In response, a Nigerian human rights group requested that the International Criminal Court investigate “allegations of hate speech” against the king. The king, the group claimed, had incited “killing, violence and discrimination against Nigerians and other African citizens.” South African President Jacob Zuma has had difficulty talking down his fellow citizens from their xenophobic violence.
The Zulu king provides one example of the persistent power of traditional authorities in Africa, a negative one. A positive example may be found in “the emperor” (Moghu Nabaa) of the Mossi, Burkina Faso’s largest tribe.
Last October the emperor joined with civil society and religious leaders to demand former president Blaise Compaoré give up his plans to alter the constitution to run again after 27 years in office. They prevented a military transition and laid the groundwork for an elected political order. Informed sources say that opposition to Compaoré would never have coalesced save for the moral authority of the Mossi emperor.

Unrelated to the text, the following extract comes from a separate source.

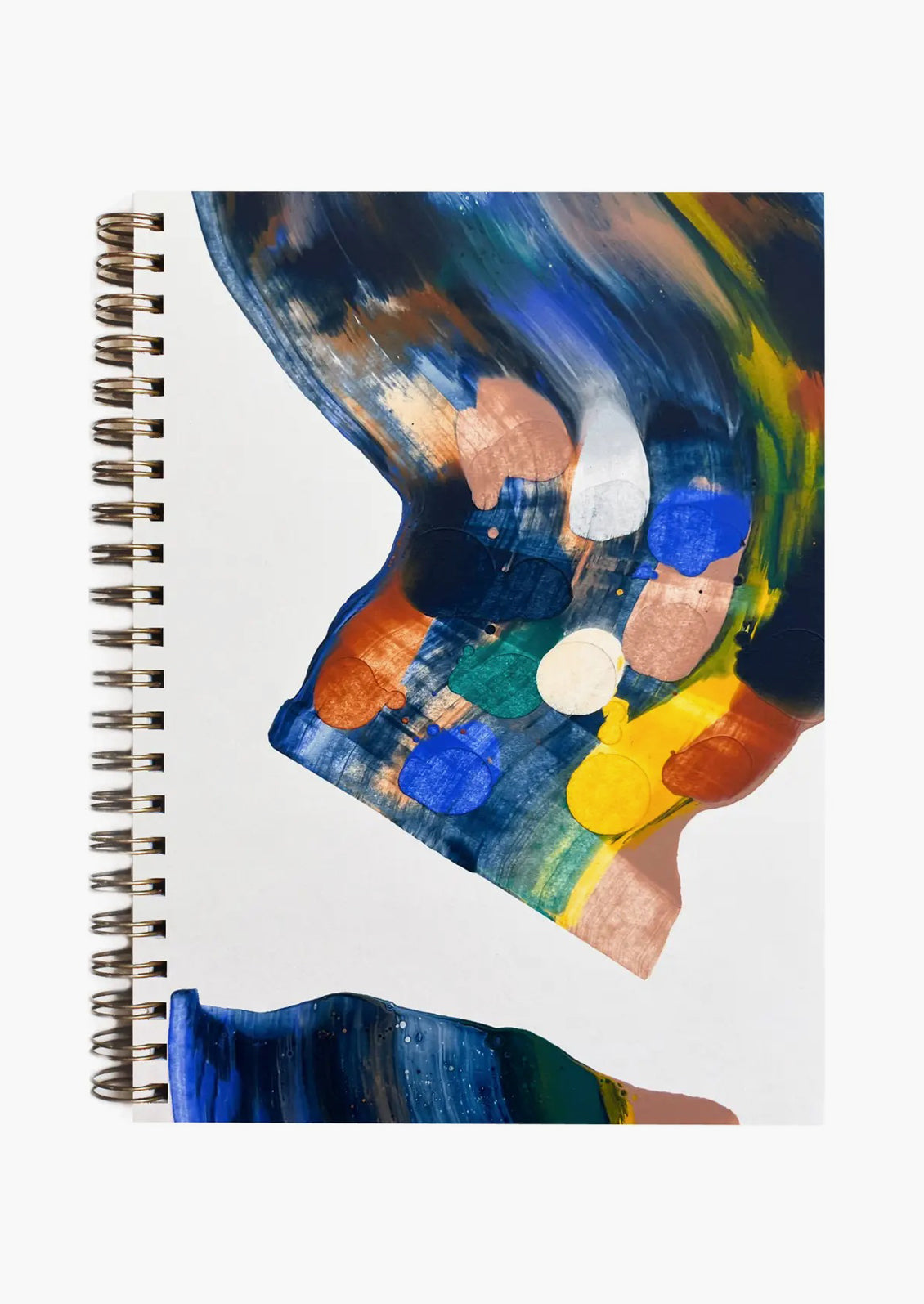 A spiral notebook with cover painted in earth toned paint swirls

These stories give substance to an otherwise strange line in Pope Benedict XVI’s apostolic exhortation Africae munus (“Africa’s commitment”), a sort of plan of action after the 2009 Special Synod for Africa. There, the pope emeritus wrote, rather succinctly, “Traditional chiefs have a very positive contribution to make to good governance.” It is an interesting interpolation, because the political duty of tribal leaders wasn’t included in the list of propositions made to the pope by the synod as a kind of outline for his message.

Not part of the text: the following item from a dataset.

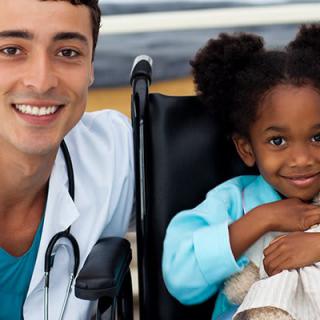 A doctor smiling with a young child in a wheelchair at a hospital.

But, as the Zulu king and Mossi emperor show, traditional leaders still exercise considerable influence on their societies, both for ill and for good. The engagement of traditional tribal leaders is a crucial factor in political development in Africa. The pope was well-advised to include the admonition to the chiefs.
While the synod documents talk about the usual remedies for failed governance—rule of law, elections, transparency, and anti-corruption activities—the passing note in Africae munus to tribal chiefs is a needed reminder that good governance everywhere is a matter of building and maintaining consensus across a society. Smart democratic leaders understand the need to create public consensus to back their decisions and the role of tribal leaders in building it up.
Civic society leaders likewise should understand that their ultimate responsibility is to the common good, and that just as sometimes they must argue for the interests of their own group, at other times they must persuade their followers to sacrifice for the common good. In African societies, like South Africa and Burkina Faso where historic tribal structures have contemporary significance, democratically elected leaders need to work with tribal leaders.
The Mossi emperor’s role in last year’s popular coup shows that the moral authority of traditional leaders can serve the cause of good governance. Contrary to Western presumptions about elections as a political panacea, traditional moral authority can provide societies in transition with stability and states where democracy has been subverted with wise guidance for retrieving it.